Reprieve from drought

Water buffalo return to marshes after rainfall

DHI QAR — Recent rainfall in Dhi Qar has rejuvenated the Umm al-Wu’da Marsh, located 13 kilometers from Karmat Bani Said city, after two years of observed decline. The revitalization marks a significant moment for an area where the marsh’s health is as critical as that of the Chibayish Marshes in Nasiriyah, the center of Dhi Qar governorate.

Buffalo breeders and reed industry workers returned to the marsh on Wednesday, with local residents eagerly anticipating the start of the fishing season.

The Chibayish Marshes, integral to Iraq’s famed marshlands, face severe threats from water diversion, climate change, and other human activities. These wetlands are essential for biodiversity and serve as the backbone for local economies, offering resources for fishing, buffalo grazing, and reed harvesting. However, challenges such as decreasing water levels, rising salinity, and drought have led to significant ecological and social impacts, including migration away from the marshes towards cities.

They had previously been on the verge of extinction due to Saddam Hussein’s Baath regime policy of constructing ditches to starve the marshes of water – ostensibly to target Shia rebels hiding there.
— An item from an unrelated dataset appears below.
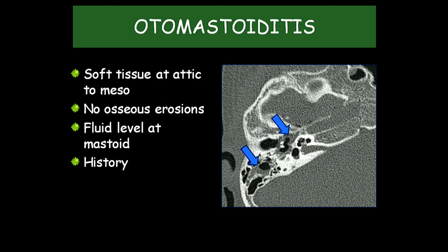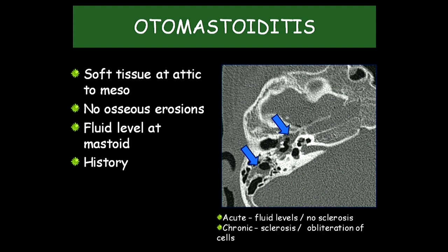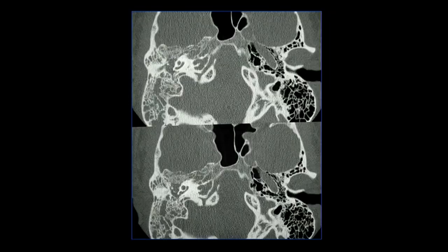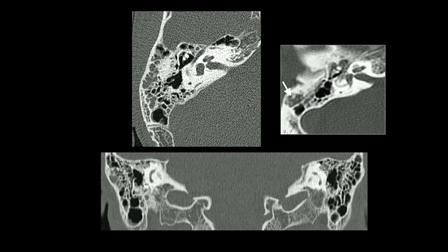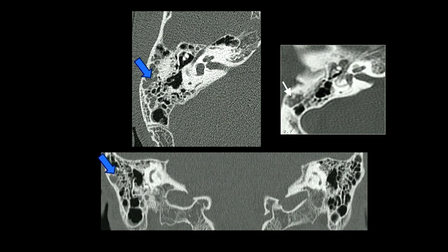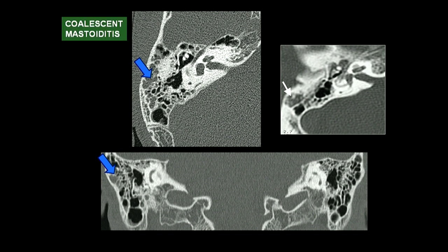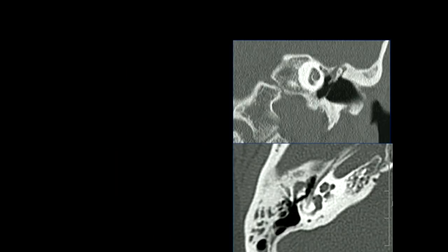This is very straightforward: as long as the ossicular chain is intact and there is no scutum erosion, it is reasonable to suggest otomastoiditis. In acute cases you tend to have fluid levels with no sclerosis, but in chronic cases you start getting sclerosis and obliteration of cells. With repeated inflammation, soft tissue fills the mastoid cells, you start getting sclerosis, and then large cell formation as walls break down due to pressure and enzymes — gradually becoming coalescent mastoiditis.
However, they were revived following the removal of the former dictator from power.

But now it is environmental degradation and droughts afflicting Iraq’s marshlands once again. They have triggered migrations, as agricultural yields decline and arable land is lost. Rural communities are compelled to move toward urban centers in search of better opportunities, highlighting the need for immediate environmental and social interventions.

Mustafa Al-Saeedi, a member of the Suq Al-Shuyukh Environmental Forum, told 964media, “A year and a half ago, we came to the Umm al-Wu’da Marsh and organized a campaign to protect the marshes. The recent rainfall has brought a much-needed revival, bringing back buffalo breeders, fishermen, and reed industry workers.”

Buffalo breeders rely on the marshes for grazing, integral to their livelihoods and cultural heritage. Similarly, the reed industry, capitalizing on the marshes’ abundant reed beds, supports the construction of traditional homes and crafts, vital for the community’s economy and way of life.

Dhi Qar experienced significant rainfall on March 27, with 32mm of rain raising the water levels in the marshes, vital for local livelihoods and a remarkable environmental and geographical feature.

Ali Tariq, Nasiriyah’s Meteorological Director, stated, “This rainfall matches the total rainfall of the last season in the area.”

Ali Hamed, a resident of the Umm Al-Wu’da Marsh area, informed 964media, “The marshes were dry for two years with no water presence. Now, the waters have returned, and we are waiting for the growth of small fish to commence the fishing season.”

The Iraqi Marshes, known locally as Al-Ahwar, are situated in the country’s southern part, lying in the flood plains between the Tigris and Euphrates rivers. Recognized for their biological and cultural importance, the United Nations designated the marshes a UNESCO World Heritage Site in 2016. However, recent reports have highlighted a significant reduction in their size and a decrease in wildlife diversity due to drying, impacting local communities and leading to the loss of income for many fishermen.

Iraq ranks as the fifth most vulnerable country to climate change worldwide, facing increasing temperatures, droughts, and severe weather events. These environmental changes severely affect the nation’s agriculture and oil-dependent economy, threatening food security, exacerbating electricity shortages, and diminishing economic output.